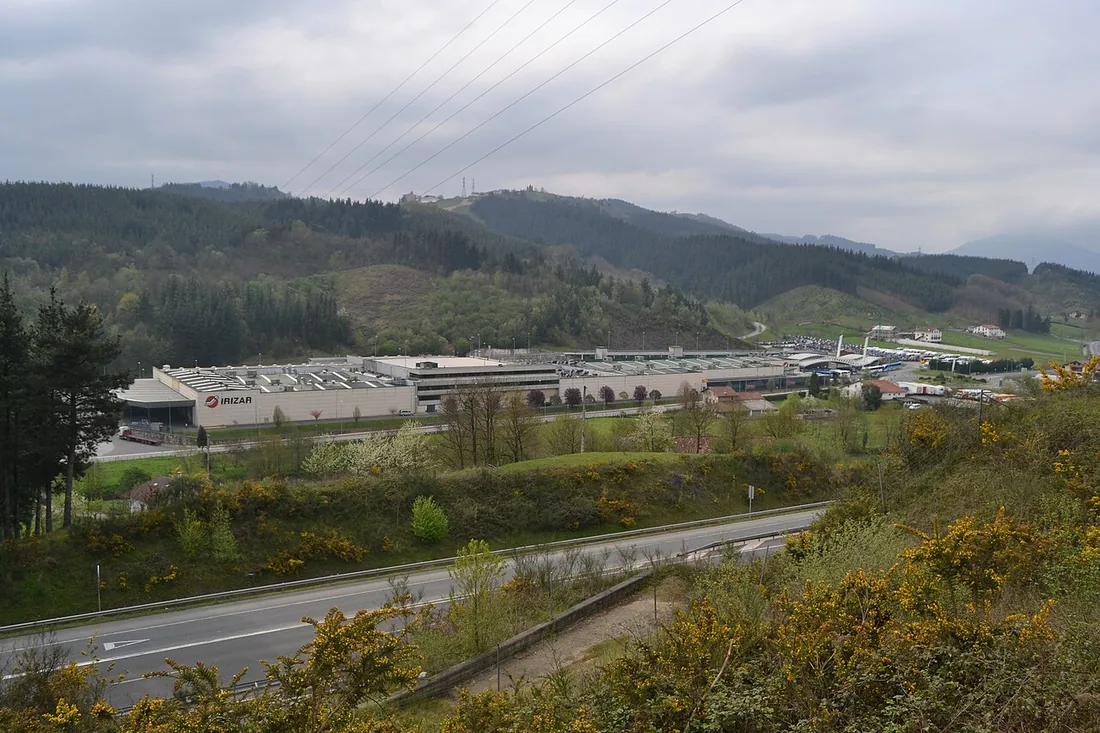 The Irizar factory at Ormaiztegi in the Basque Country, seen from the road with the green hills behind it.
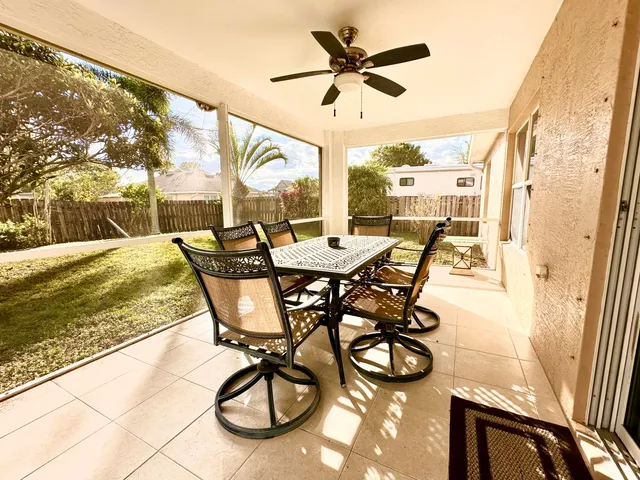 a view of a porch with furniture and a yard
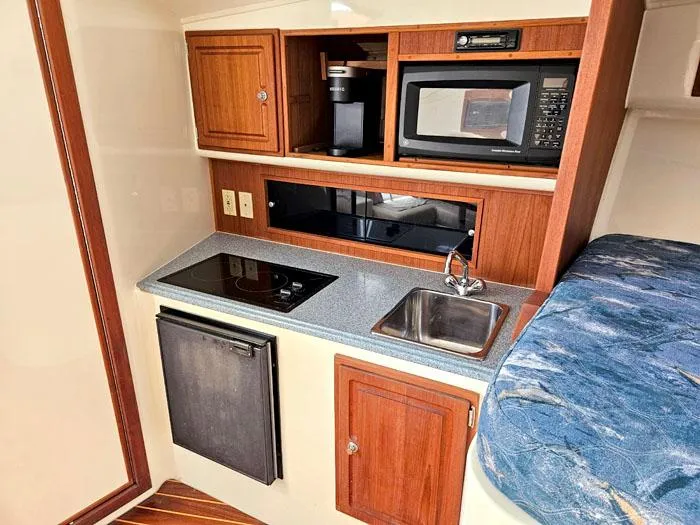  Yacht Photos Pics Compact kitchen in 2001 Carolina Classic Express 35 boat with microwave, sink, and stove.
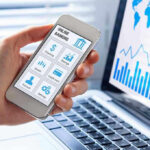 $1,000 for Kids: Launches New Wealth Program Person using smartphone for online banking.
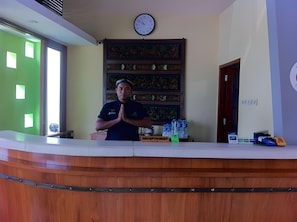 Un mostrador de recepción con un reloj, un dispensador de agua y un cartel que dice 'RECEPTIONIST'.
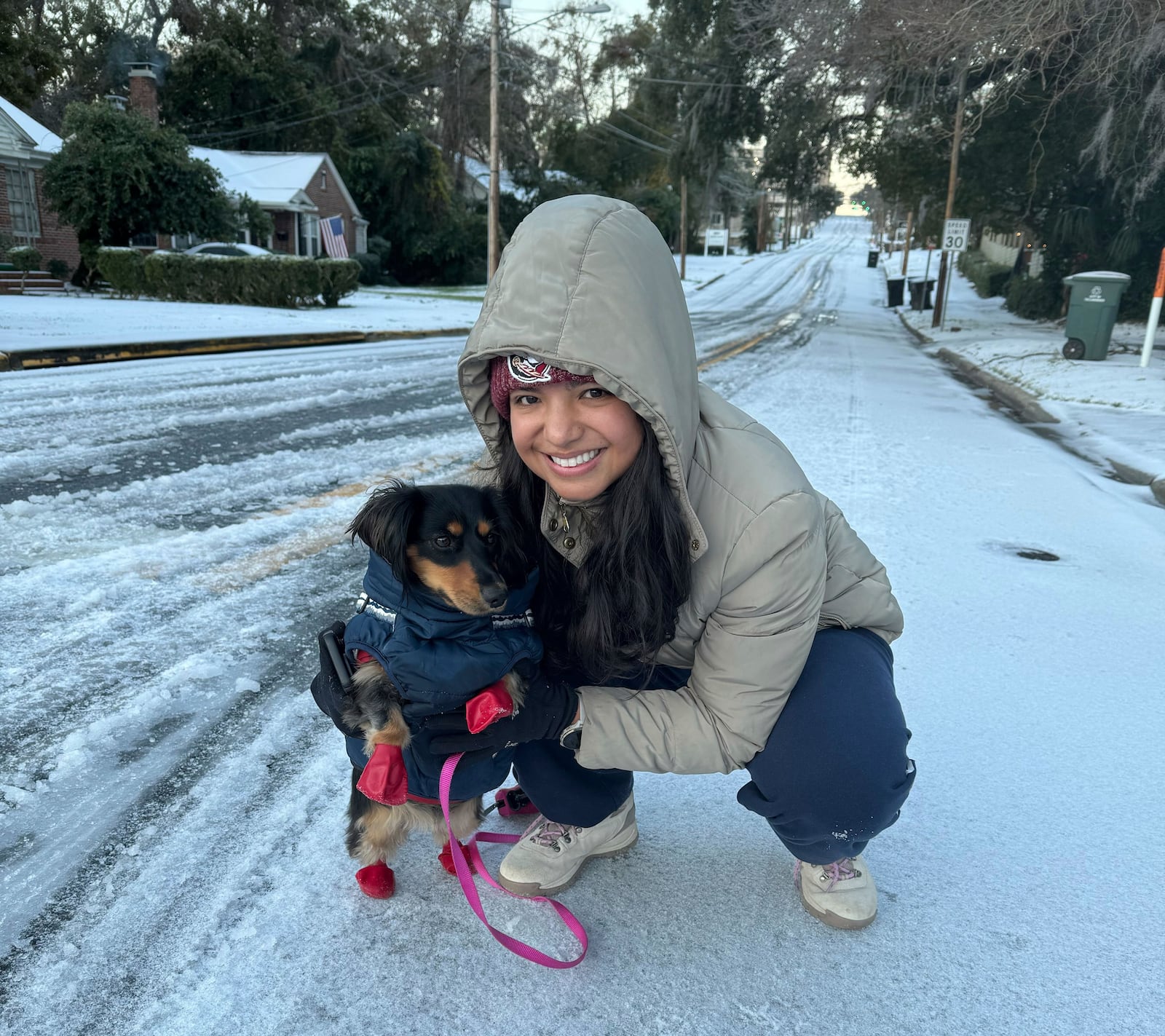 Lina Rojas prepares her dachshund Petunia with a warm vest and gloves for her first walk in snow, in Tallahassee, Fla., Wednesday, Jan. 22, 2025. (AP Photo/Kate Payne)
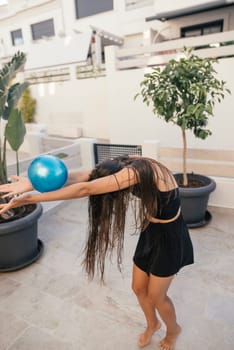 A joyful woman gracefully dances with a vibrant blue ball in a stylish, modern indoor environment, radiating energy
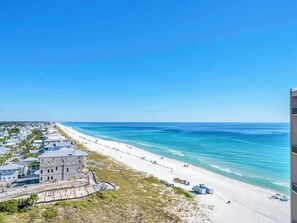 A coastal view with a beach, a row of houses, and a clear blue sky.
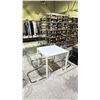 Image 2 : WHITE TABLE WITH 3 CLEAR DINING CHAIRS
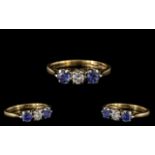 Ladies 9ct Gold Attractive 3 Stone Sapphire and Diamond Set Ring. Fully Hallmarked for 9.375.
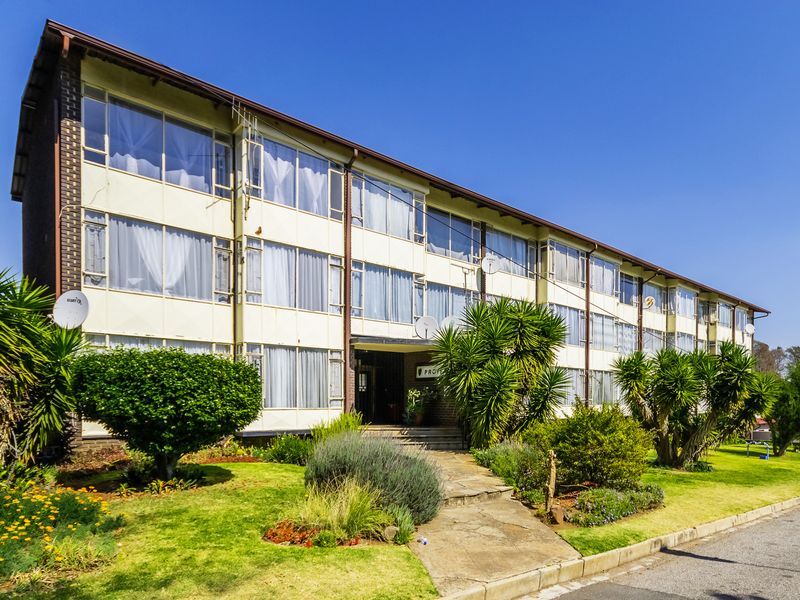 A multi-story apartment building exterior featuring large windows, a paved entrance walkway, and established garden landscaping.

==

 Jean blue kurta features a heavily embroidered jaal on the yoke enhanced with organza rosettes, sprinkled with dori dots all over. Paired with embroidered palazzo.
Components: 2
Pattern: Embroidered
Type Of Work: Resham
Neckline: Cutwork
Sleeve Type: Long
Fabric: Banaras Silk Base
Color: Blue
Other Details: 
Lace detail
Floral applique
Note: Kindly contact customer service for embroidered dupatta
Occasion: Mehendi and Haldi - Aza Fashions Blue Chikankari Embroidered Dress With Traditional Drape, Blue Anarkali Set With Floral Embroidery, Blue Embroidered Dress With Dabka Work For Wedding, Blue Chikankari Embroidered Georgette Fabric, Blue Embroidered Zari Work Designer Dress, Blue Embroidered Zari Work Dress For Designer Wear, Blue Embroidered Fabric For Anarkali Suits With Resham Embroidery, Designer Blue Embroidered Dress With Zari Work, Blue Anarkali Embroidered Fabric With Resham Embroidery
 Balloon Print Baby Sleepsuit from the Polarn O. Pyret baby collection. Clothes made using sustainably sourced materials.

==

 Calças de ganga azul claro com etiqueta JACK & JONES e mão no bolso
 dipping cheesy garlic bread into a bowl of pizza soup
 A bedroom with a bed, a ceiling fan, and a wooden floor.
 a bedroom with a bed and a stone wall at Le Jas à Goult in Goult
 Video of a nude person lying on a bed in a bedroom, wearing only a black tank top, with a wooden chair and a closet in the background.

**TASK ITEM:**
Extract from the records above the lines from the one containing "Type Of Work: Resham" to the one containing "Note: Kindly contact", both lines included, exactly as they appear and with nothing else.

**TASK RESULT:**
Type Of Work: Resham
Neckline: Cutwork
Sleeve Type: Long
Fabric: Banaras Silk Base
Color: Blue
Other Details: 
Lace detail
Floral applique
Note: Kindly contact customer service for embroidered dupatta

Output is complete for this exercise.